Zoals reeds eerder gezegd werd in 1919 de « Association Belge de standardisation » opgericht.
25 jaar lang heeft ABS geijverd met de gebrekkige middelen waarover zij beschikte, vermits zij geen regeringshulp kreeg en de toelagen van de industrie verre van voldoende waren, om de normen te publiceren waaraan de nationale industrie een uitgesproken behoefte had : normen op het gebied van de mechanica en van de metaalconstructie, normen voor de bouwwerken in gewapend beton, normen voor het materieel van de brandbestrijding. Meer dan 150 documenten zagen alzo het levenslicht.
In de gegeven omstandigheden was dit zeker een prachtig resultaat maar toch onvoldoende in het perspectief van de ontwikkeling die de Belgische industrie en de Belgische economie in de eerste jaren na de tweede wereldoorlog zouden kennen.
Het inzicht en het doorzettingsvermogen van enkele personen, hierin gesteund door de toenmalige minister van Economische Zaken, de Hr. De Smaele hebben dan ook in 1946 geleid tot het oprichten van het Belgische instituut voor normalisatie (BIN).
Derde periode sinds 1946
Het wetsbesluit van 20 september 1945 dat de oprichting van het BIN mogelijk maakte wordt voorafgegaan door een verslag aan de Regent waarin duideluik uiteengezet wordt in welke context een nieuw normalisatie instituut moet opgericht worden. Daarom verdient het ook zijn plaats in dit historisch overzicht.
« De voortbrengselen van de Belgische industrie bereiken in alle domeinen een steeds toenemende graad van verscheidenheid en ingewikkeldheid waardoor de nood ontstaat aan duidelijke voorschriften nopens hun afmetingen en hun gebruiksvoorwaarden die op dezelfde wijze moeten toegepast worden in heel het land, en die moeten opgesteld worden rekening houdend met hetgeen op dit gebied in andere landen gedaan wordt.
De toepassing van deze voorschriften laat immers toe dat de producenten het aantal gefabriceerde types verminderen, dat de consumenten hun prijsaanvragen beter zullen kunnen opstellen, dat ze gemakkelijker de aangeboden materialen onderling zullen kunnen vergelijken en deze ten slotte beter zullen kunnen gebruiken door ze toe te passen binnen de zone van hun normale bedrijfsvoorwaarden en hun onderdelen uitwisselbaar te maken : uit dit alles vloeien vele besparingen voort op het niveau van de productie en op dit van de consumptie. »

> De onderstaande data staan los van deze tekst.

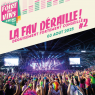 Foire aux Vins d'Alsace : LA FAV DERAILLE ! EDITION 2, Colmar, le 03/08/2025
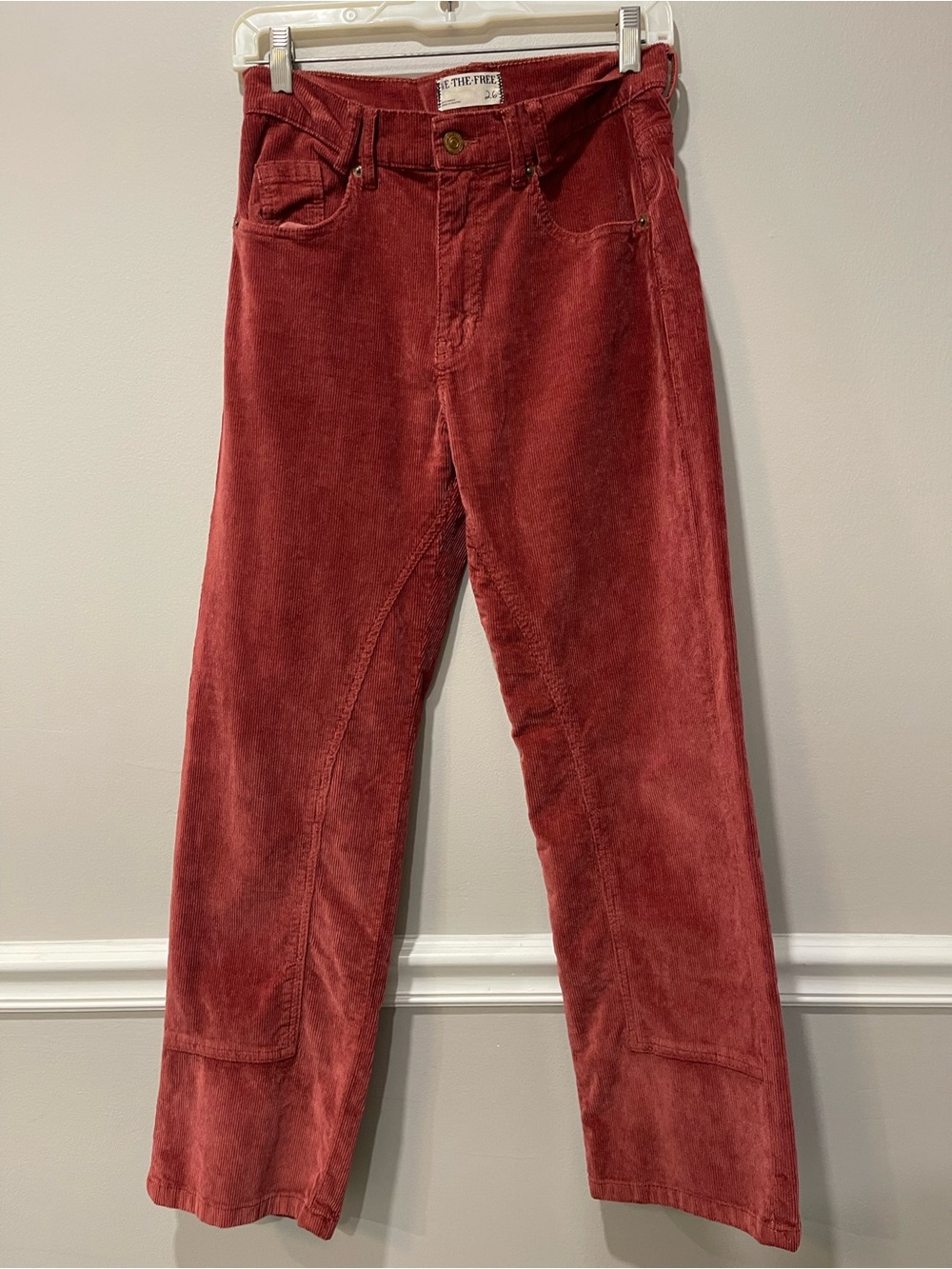 We the Free Risk Taker cords - Picture 2 of 2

Het wetsbesluit voorziet ook dat het nieuw op te richten organisme zal kunnen genieten van het prestige van de Koninklijke goedkeuring en van een financiële steun van de regering.
In uitvoering van voornoemd wetsbesluit werd op 25 februari 1946 het Belgisch instituut voor normalisatie opgericht onder de vorm van een vereniging zonder winstbejag.
Later werd het BIN eveneens onderworpen aan de wet van 16 maart 1954 betreffende de controle op sommige instellingen van openbaar nut.